Oui. Notre stratégie de rachats nous permet d'accélérer le développement de notre plateforme sur des fonctionnalités que nous jugeons clés. Les dernières opérations réalisées ont eu pour but d'enrichir notre Data Cloud sur le terrain du machine learning. Récemment, l'acquisition de Neeva nous a permis par exemple de mettre la main sur une brique de recherche intelligente. Le rachat d'Applica (fin 2022, ndlr) a donné naissance à Document AI, celui de Myst AI (début 2023, ndlr) à une couche de forecasting, etc.

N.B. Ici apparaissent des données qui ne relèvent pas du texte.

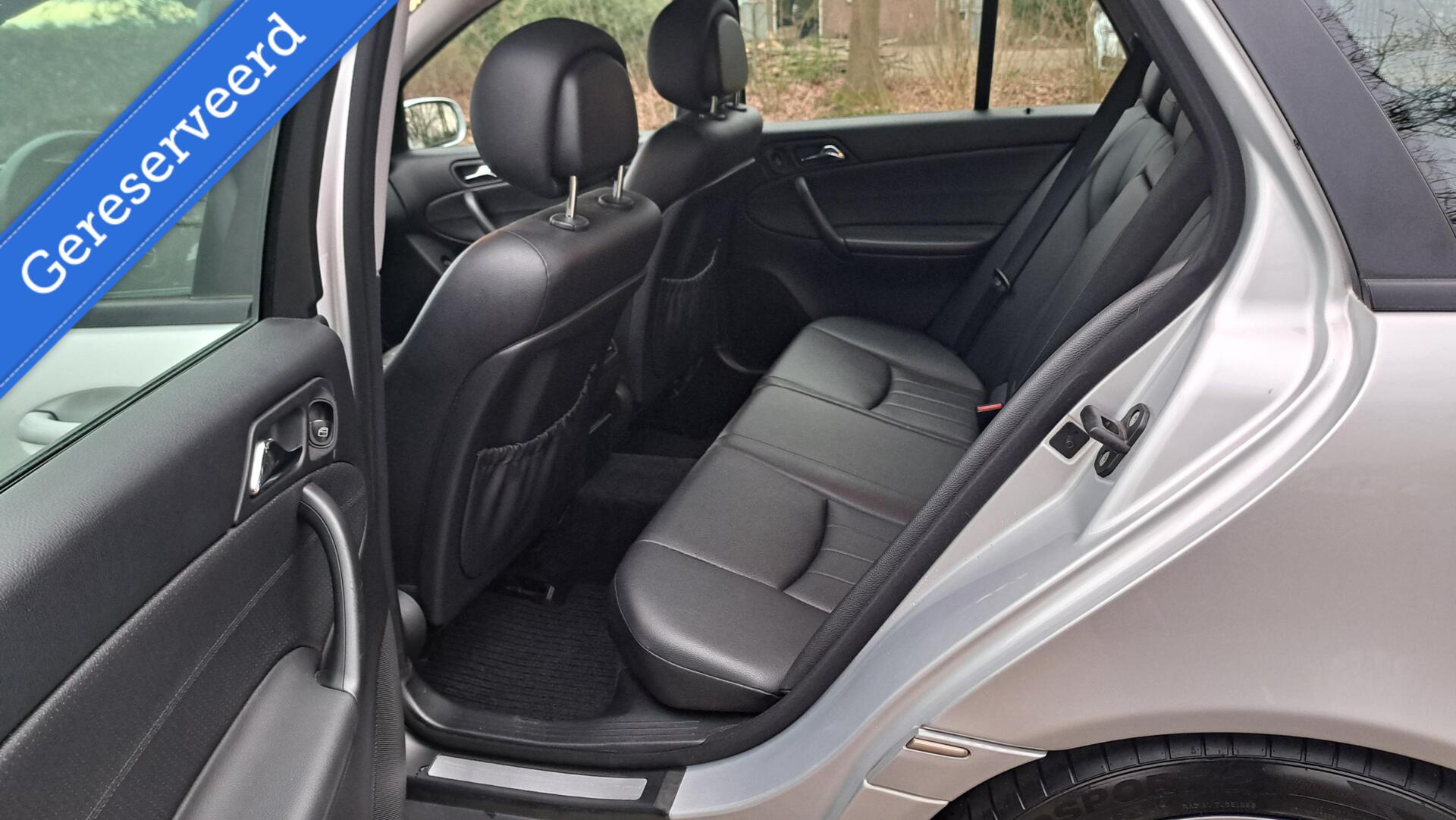 Foto van Mercedes-Benz C-klasse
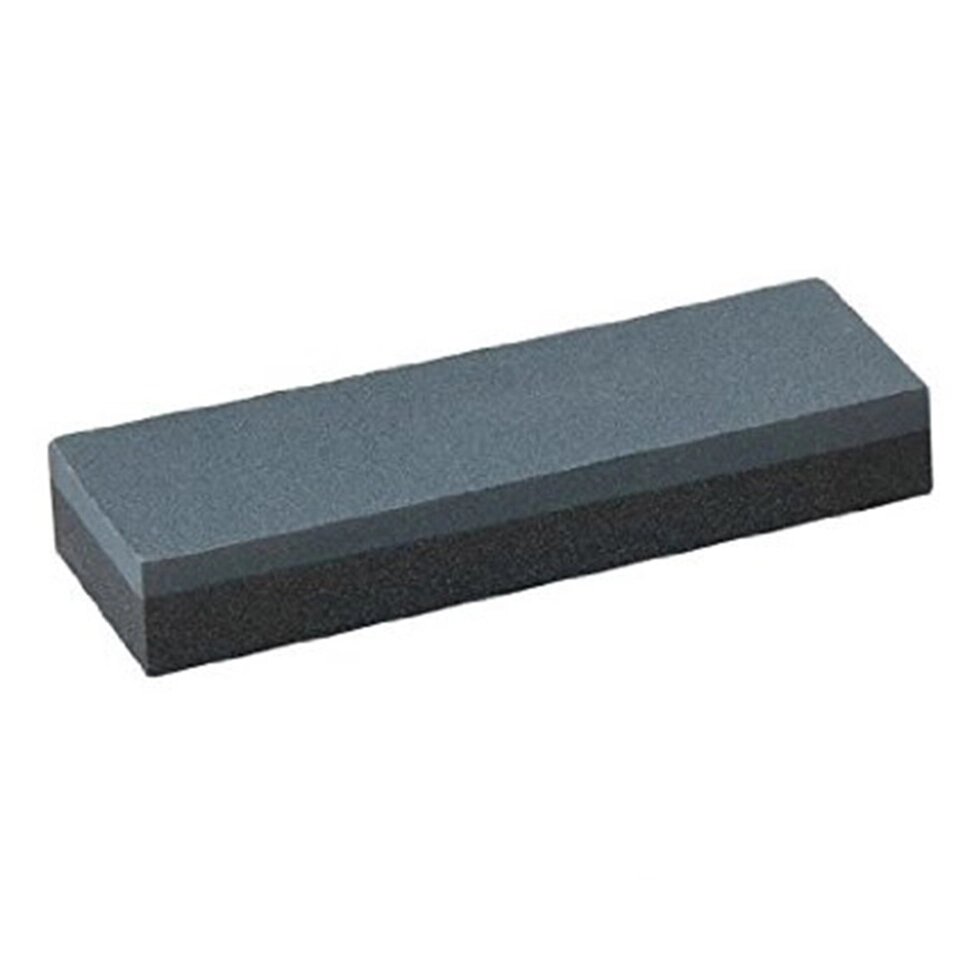 Точильный камень, черный, 15 см от компании Интернет-магазин VPROK_kz - фото 1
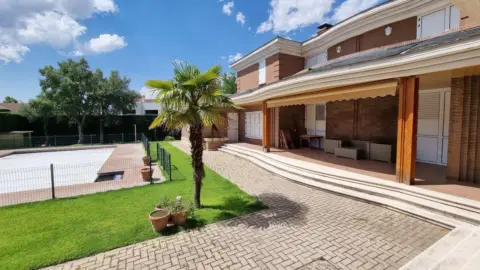 Chalet en Pago de La Barca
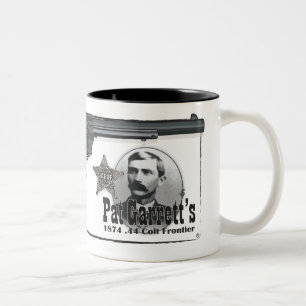 Tasse de Patt Garrett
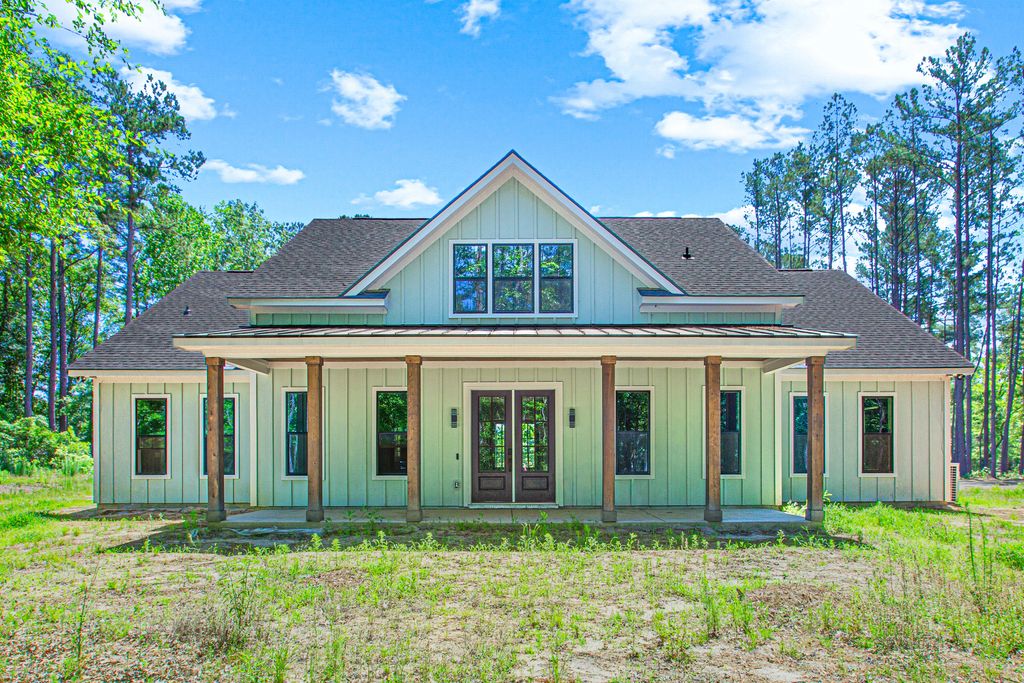 278 Happy Haven Lane, Walterboro, SC 29488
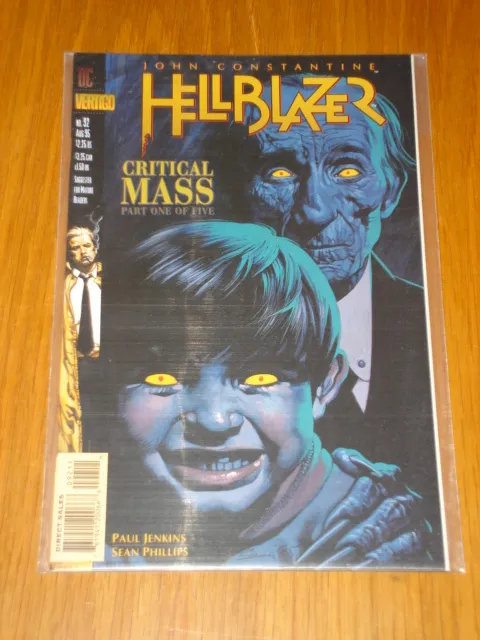 Hellblazer #92 Vol 1 Dc Vertigo Comic John Constantine August 1995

Après un doctorat en sciences informatiques à l'Université Paris 6, Benoit Dageville débute sa carrière comme chercheur au sein de l'European Computer Research Center. Il se spécialise dans la simulation des bases de données parallèles multi-thread. Après deux ans passés chez Bull, il est recruté par Oracle. Il est d'abord nommé consultant de l'équipe technique au sein du Parallel SQL Execution Group. Il rejoint ensuite le SQL Manageability Group comme architecte. En août 2012, il crée Snowflake avec Thierry Cruanes, un autre Français également titulaire d'un doctorat à Paris 6 qui l'avait accompagné chez Oracle, et Marcin Zukowski, le fondateur de Vectorwise.